*Your goal*
Only the lines from the one containing "Artwork by Otto" through the end of the entries are to be copied, exactly and without pictures, please.

======== Records to use

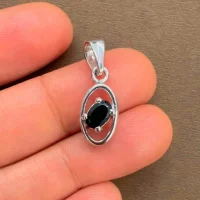 silver pendant with 6x4 mm oval black onyx displayed on hand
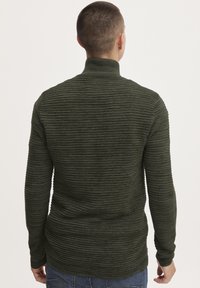 Mørkegrøn ribbet turtleneck sweater med lange ærmer og en struktureret overflade, tætsiddende design og høj krave, parret med blå jeans.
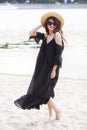 Beautiful young brunette woman in black dress, black sunglasses and straw hat walking on the sand on the beach and Royalty Free Stock Photo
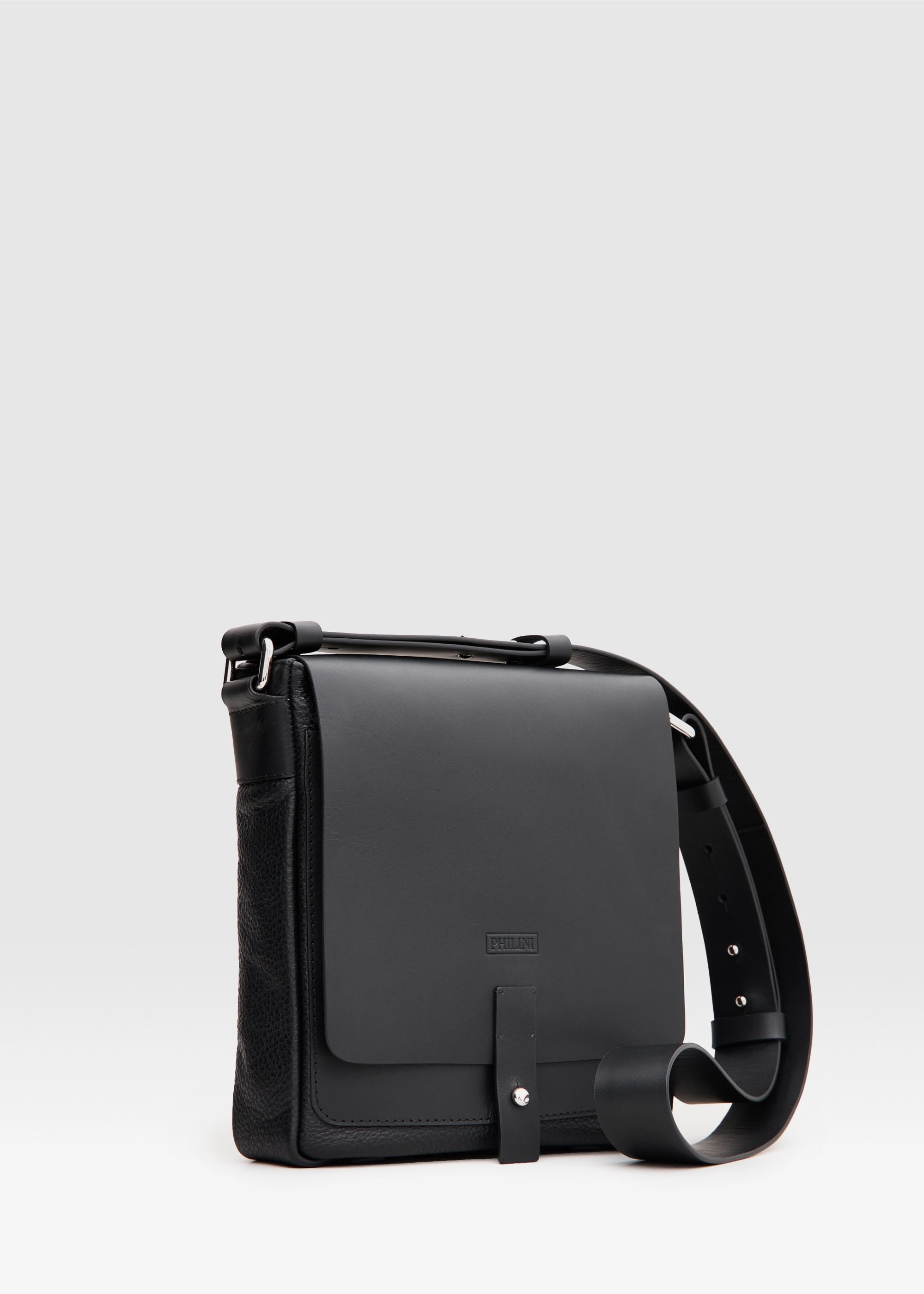 Angled view of the Olga black messenger bag, handcrafted from full-grain and buffalo leather with a square shape, front flap, and silver cufflink closure. A sustainable, luxury accessory for women.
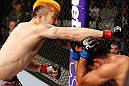 SAITAMA, JAPAN - MARCH 03:  (L-R) Mizuto Hirota punches Rani Yahya in their featherweight fight during the UFC on FUEL TV event at Saitama Super Arena on March 3, 2013 in Saitama, Japan.  (Photo by Josh Hedges/Zuffa LLC/Zuffa LLC via Getty Images)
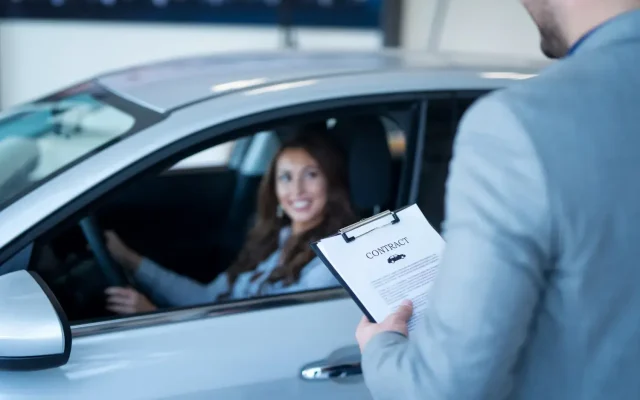 Woman driver smiling as a man presents a contract on a clipboard at her car window.
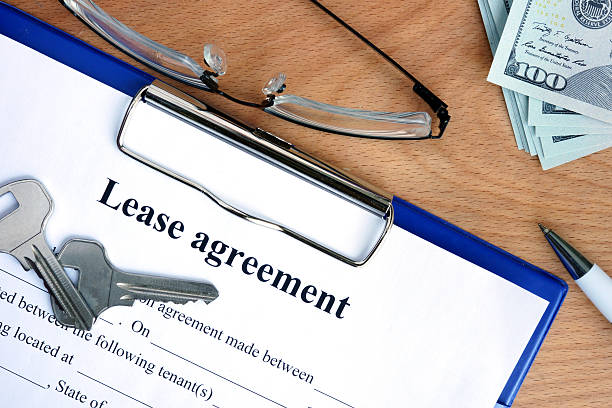 istock Lease agreement document with money on a wood background 485801952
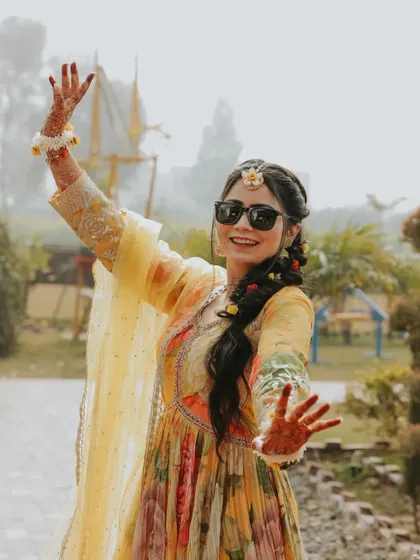 The bride's joyful dance at her Haldi ceremony. Her sunglasses and carefree attitude make for a fun and memorable photo.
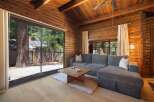 Experience rustic charm in this wood-paneled living room, featuring a spacious sectional sofa perfect for relaxation.
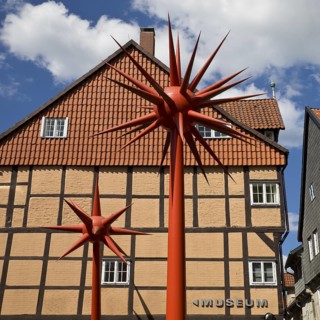 Artwork by Otto Piene entitled Fireworks for Celle in front of a half-timbered house in the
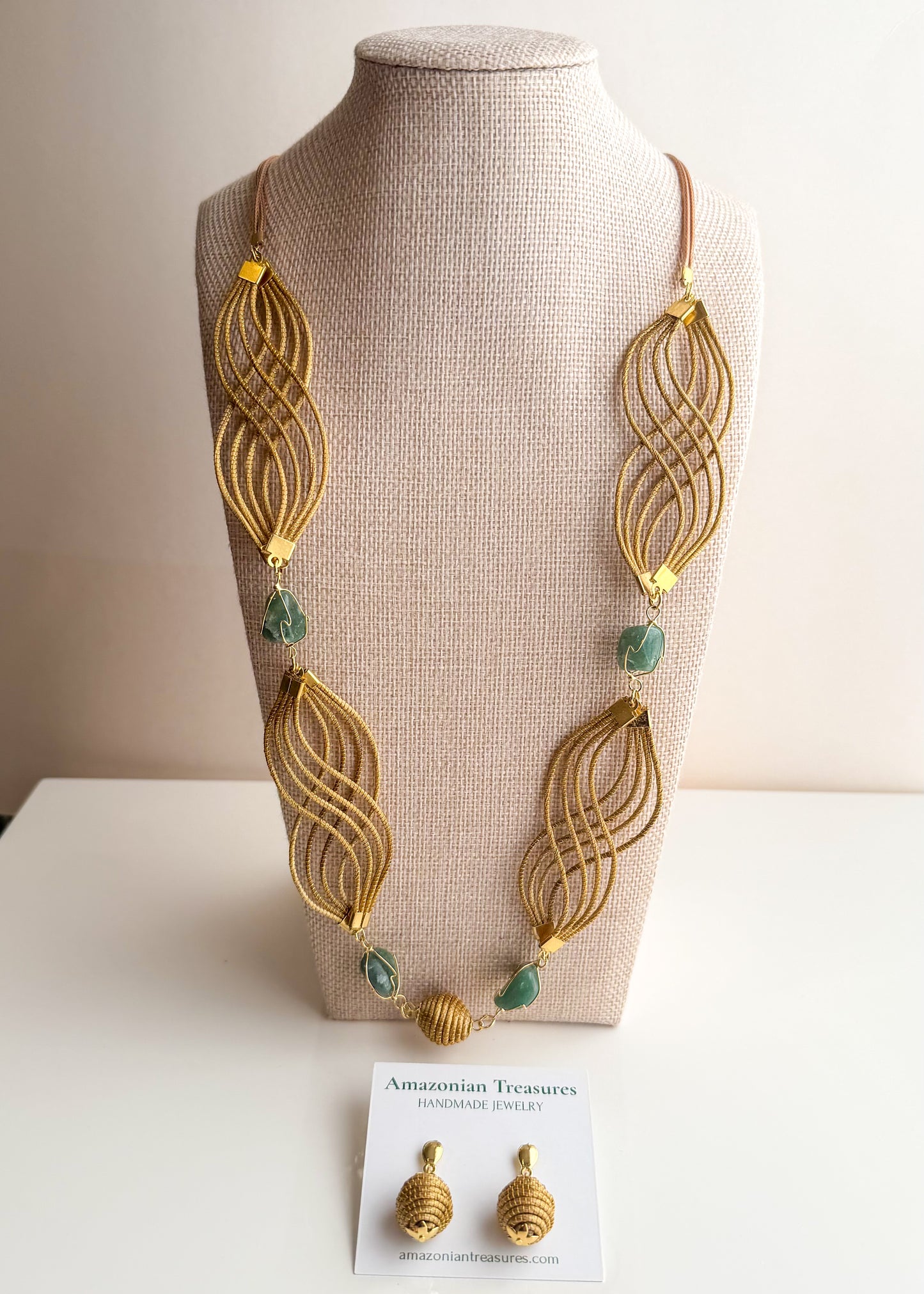 Golden grass flowing necklace with green gemstone handcrafted by quilombola artisans.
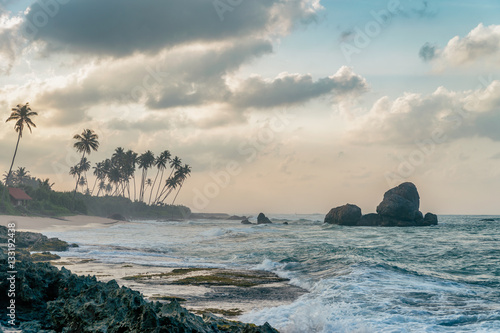 Sunny beach near Koggala - Sri Lanka. Waves of clear water and warm sand  photo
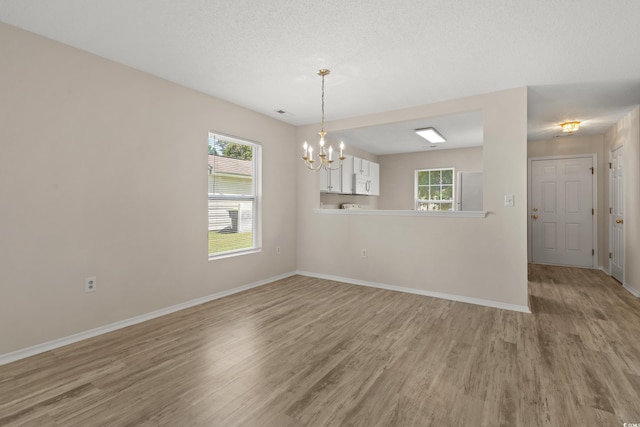 622 Oakhurst Dr, Myrtle Beach, SC 29579 - unfurnished room featuring light wood-style flooring, baseboards, and a chandelier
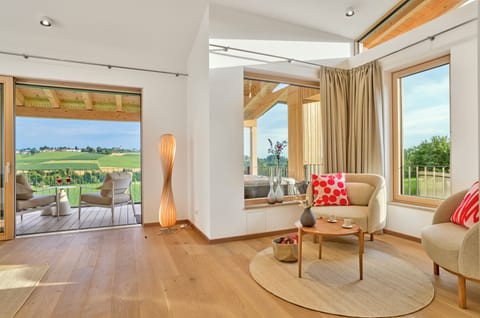 Luxury Double Room | Living area | Flat-screen TV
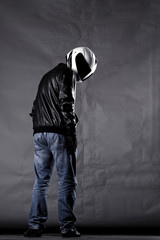 motorist with a helmet, leather jacket and jeans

================

*Completed exercise*
 Artwork by Otto Piene entitled Fireworks for Celle in front of a half-timbered house in the
 Golden grass flowing necklace with green gemstone handcrafted by quilombola artisans.
 Sunny beach near Koggala - Sri Lanka. Waves of clear water and warm sand  photo
 622 Oakhurst Dr, Myrtle Beach, SC 29579 - unfurnished room featuring light wood-style flooring, baseboards, and a chandelier
 Luxury Double Room | Living area | Flat-screen TV
 motorist with a helmet, leather jacket and jeans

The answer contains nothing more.